Chris explains that his work centers on helping agencies bring more business in the door, and that AI is already changing how that happens.
He says AI lets agencies scale distribution because content production is no longer constrained by the same manual throughput limits.
A strong workflow is to capture ideas in conversation, shape them into the right format with AI, and then use those assets across channels instead of creating everything from scratch.
On the quality-versus-quantity question, Chris says agencies should automate work that does not require critical thinking and keep their best people focused on judgment-heavy tasks.
He has clients list every task they do, then flag the repetitive tasks that are easiest to automate. That exercise usually reveals fast AI wins.
Chris describes an internal AI chief-of-staff workflow that reviews his tasks, conversations, and time data each week to grade how closely his execution matched his priorities.
Macgill asks how AI changes team structure inside agencies as more technical and operational tasks become easier to automate.
Chris says smaller, more focused teams will become more competitive because AI gives them leverage that used to require larger headcount.
For adoption, he recommends giving every team member time each week to experiment with AI rather than leaving exploration to leadership alone.
He also suggests shared team environments and shared context so discoveries build on each other instead of staying isolated inside one person's workflow.
Agencies are overestimating AI when they think volume alone will solve their marketing problems. Publishing more is not enough if the work has no differentiated insight.
He says many agencies are simultaneously underestimating AI inside their own operations while worrying too much about clients using AI against them.
Niching becomes even more valuable in an AI market because repeated reps with one kind of client make both positioning and automation stronger.

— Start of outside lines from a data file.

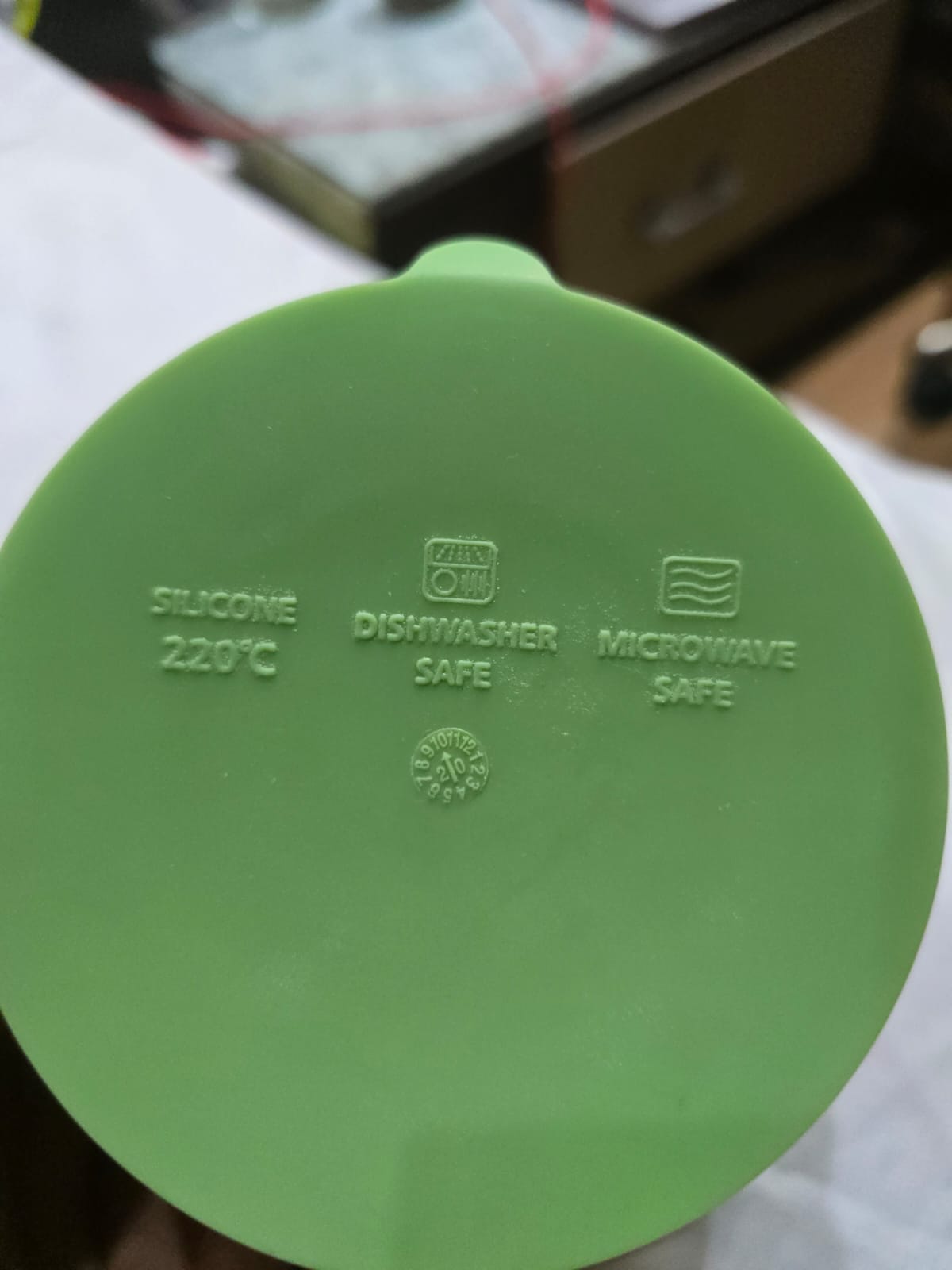 Thrifted silicone suction snack bowl for baby feeding
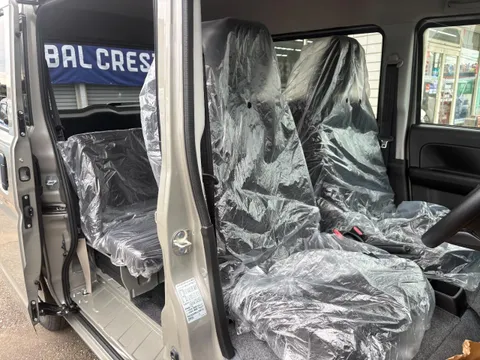 Nissan Clipper Van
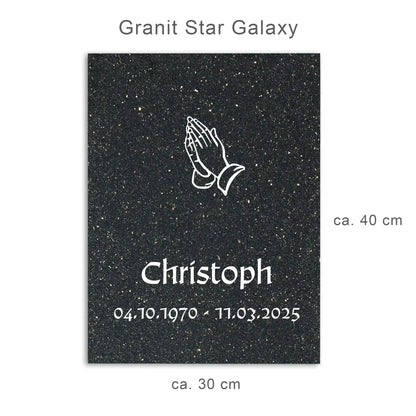 Urnengrabplatte 30 x 40 cm aus schwarzem Granit mit Gravur in weiß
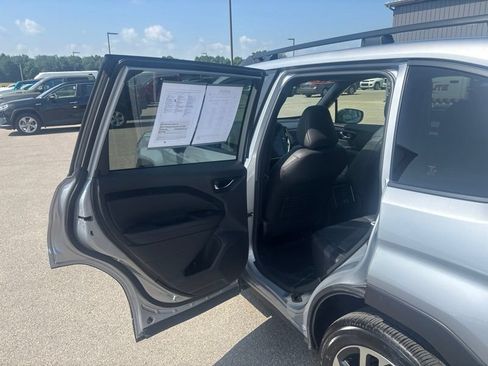 Used 2025 Subaru Forester Limited AWD/4WD image 15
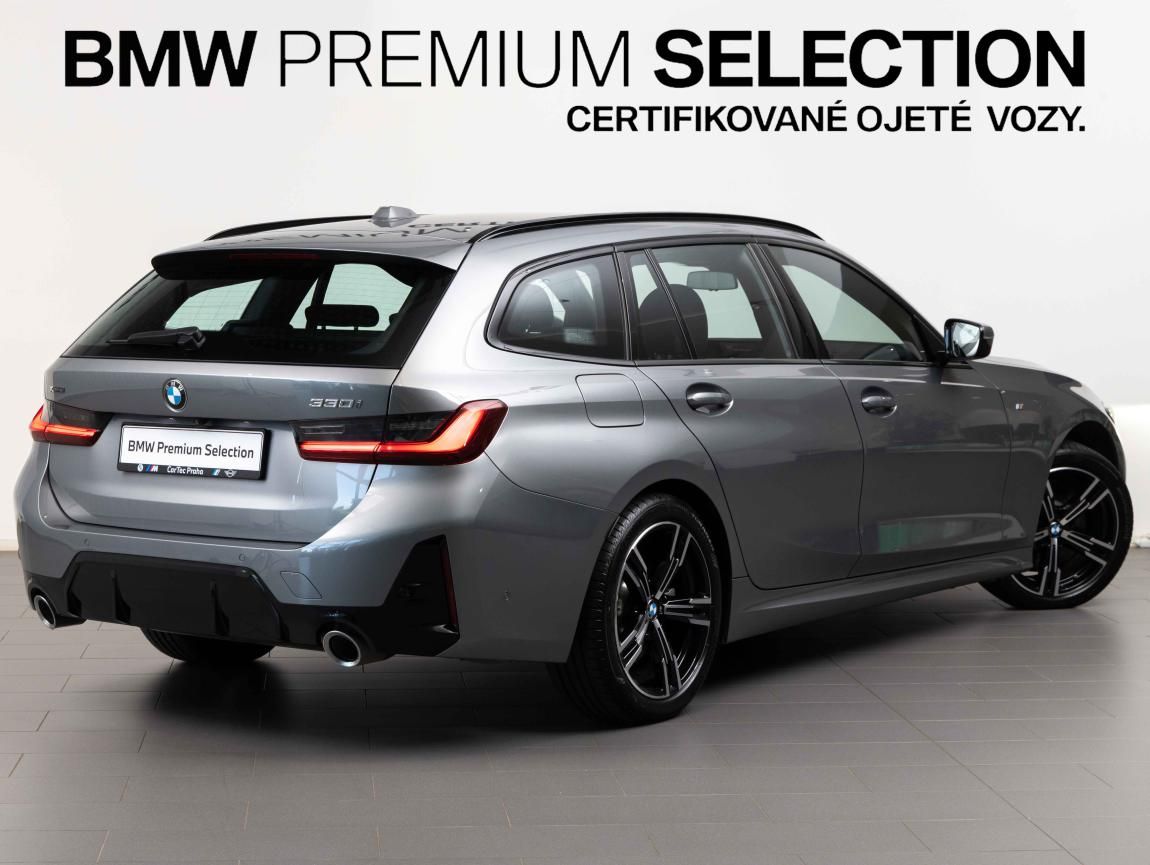 BMW Řada 3, 330i xDrive Touring - fotka 5
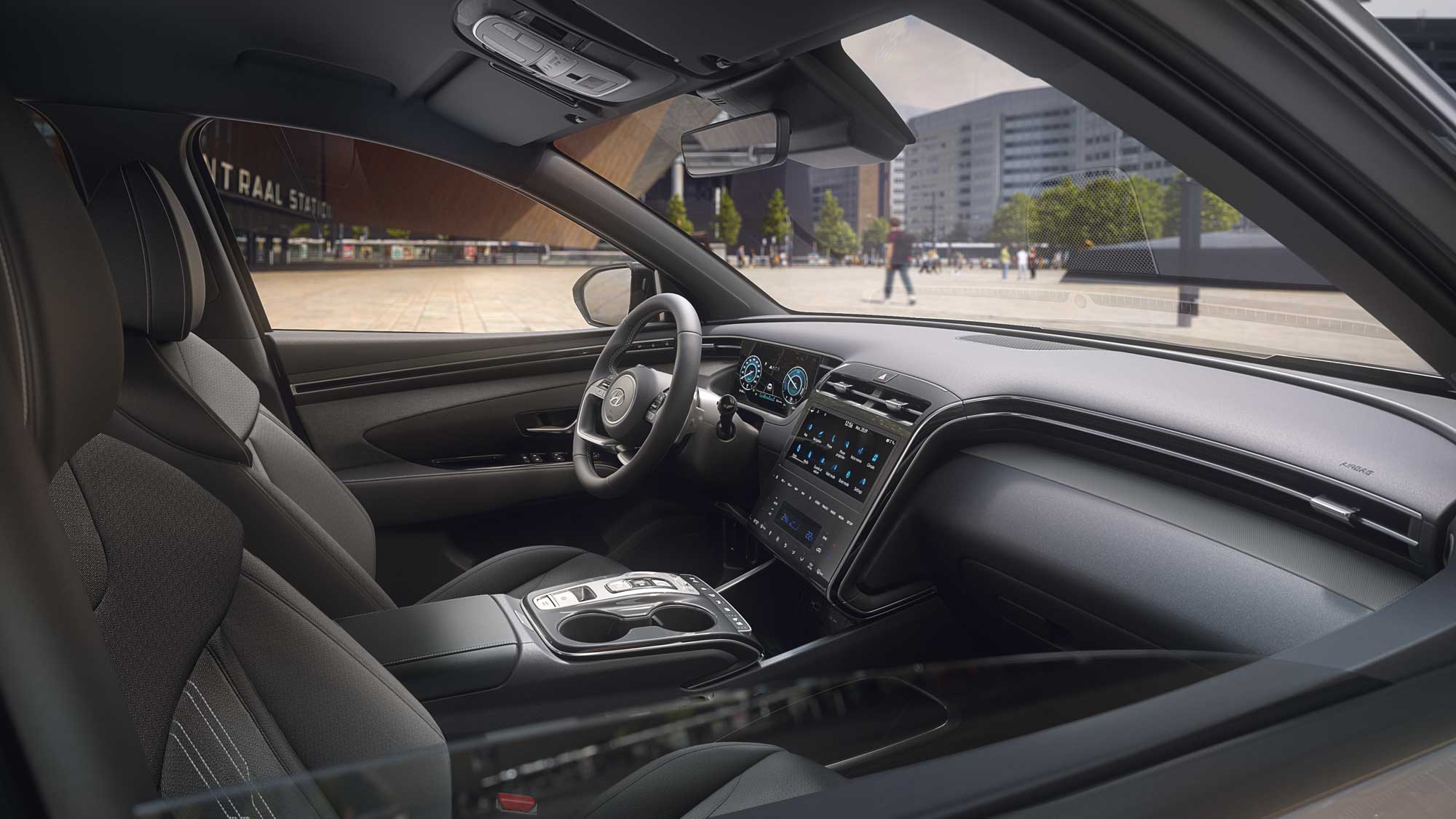 tucson_blackline_cockpit_2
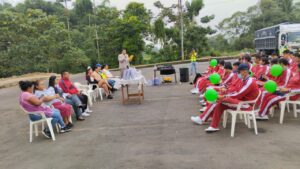 Siembran 328 plantas por el Día del Ambiente en mercado mayorista de Santo Domingo de los Tsáchilas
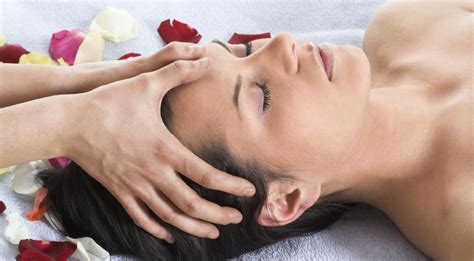 Indian massage therapy techniques for neck pain; Indian Head Massage - Healing with Dawn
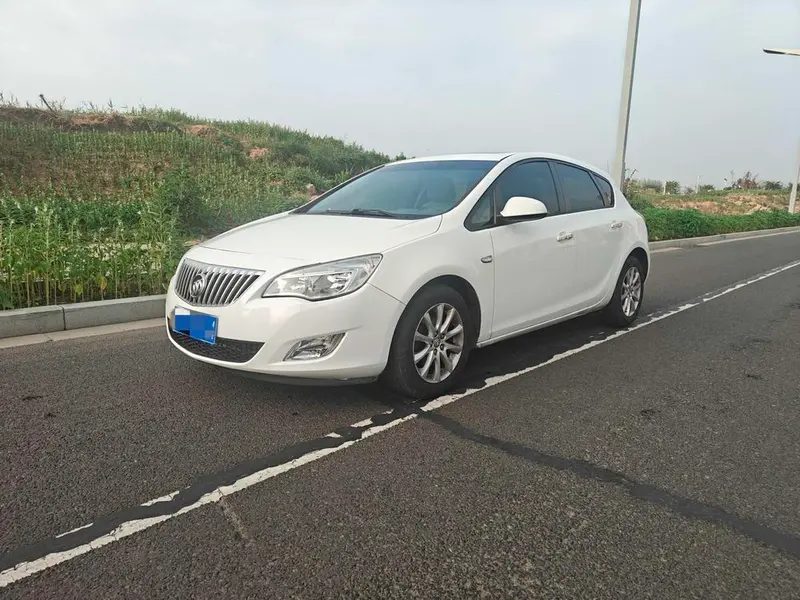 Buick Excelle, 2012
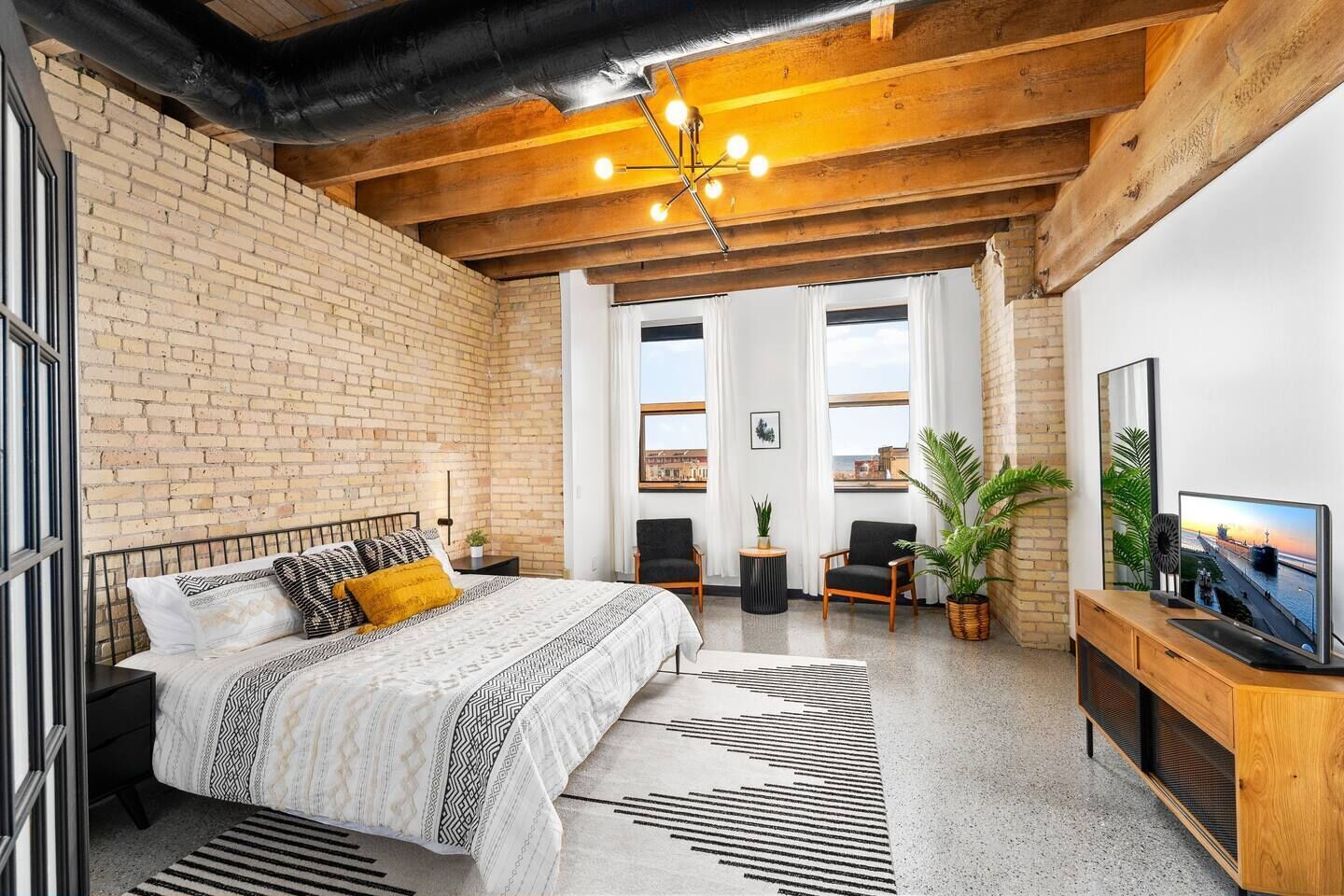 3 bedrooms, desk, iron/ironing board, travel crib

He argues that agencies should publish original insight and build real relationships so both people and AI systems have a reason to cite and recommend them.
His biggest marketing advice is to lean harder into human relationships, partnerships, and other trust-building actions that do not scale cleanly with automation.
Agencies that struggle in the next two years will be the ones without a clear AI plan or a credible explanation of how AI fits into their delivery model.
Prospects are already asking whether agency work should be faster or cheaper because of AI, so firms need a better answer than simple efficiency claims.
Chris sees AI eventually making it easier for agencies to reward output and salary-based leverage while still using time visibility to understand profitability.
Macgill closes by thanking Chris for a practical conversation on distribution, focus, time data, and how agencies can scale with AI without losing quality.